To provide a multi-purpose space where young people and the local community can gather to perform, practice and learn the arts, express creativity and celebrate cultures.
What we did:
Built a complex two storey building comprising 1,422 square metres, with many purposes and features:
There are full height windows across the whole perimeter, Manaia pattern across the floor and floating Decortec ceiling panels built from fire safe MDF veneered in Sapelle.
The performance centre has a Victorian Ash timber floor and a specially designed Manaia pattern painted on top of the timber. This pattern extends through to cover the internal polished concrete and onto the pathway outside the building.
The level 2 structure is built entirely of timber - the main portals being LVL with curved columns at each end created by faceting the product. The portals are an exposed feature of the finished building and each portal is a different size and shape. This required careful selection of the product to get the desired finish. The level 2 dance studio has a strand board spring floor, similar to the design of the Ground floor Victorian Ash sprung floor.
There are sound isolated rooms comprising four separate acoustic rooms with walls varying from 300–600mm thick. One of the sound rooms is completely isolated from the structure; it is built on a floating floor and the walls and ceiling are all within the floating floor area with no solid connections to the surrounding structure.
The building snakes its way down the site with no parallel grid lines making the set out very challenging but also creating an amazing shaped building. The building steps down the site, which added to the challenges when co-ordinating structure, services and finishes.

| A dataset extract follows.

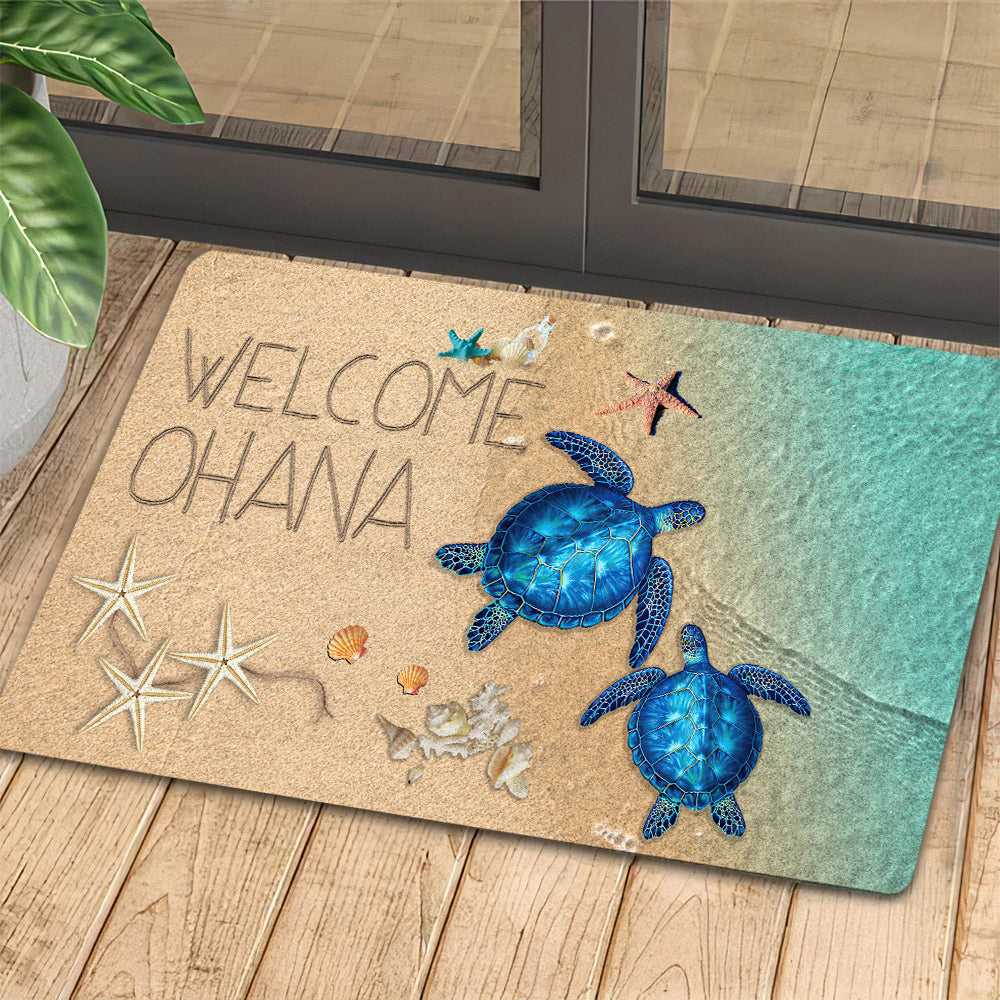 Turtle Doormat Welcome Ohana Gift For Turtle Lovers New Home Gift Housewarming Gift Turtle Decor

The main feature on the ground floor is the 12 Masa timber columns that clad the concrete columns – six of which have been hand carved.
On completion of the building there was a late variation to the build. The Hawkins team carried a complete repair of the car park replacing all the hard fill, repairing soft spots, resurfacing the car park and installing a design and built landscaping area plus managing the planting of new gardens.
The amazing geometrically designed shapes of the outside of the building has stirred great interest amongst the local community. At sunset the shapes reflect a double sunset which has attracted many photographers to the Centre.
The Centre has been gifted the name Te Oro by Ngati Paoa with the endorsement of Ngai Tai ki Tamaki and Ngati Whatua Orakei.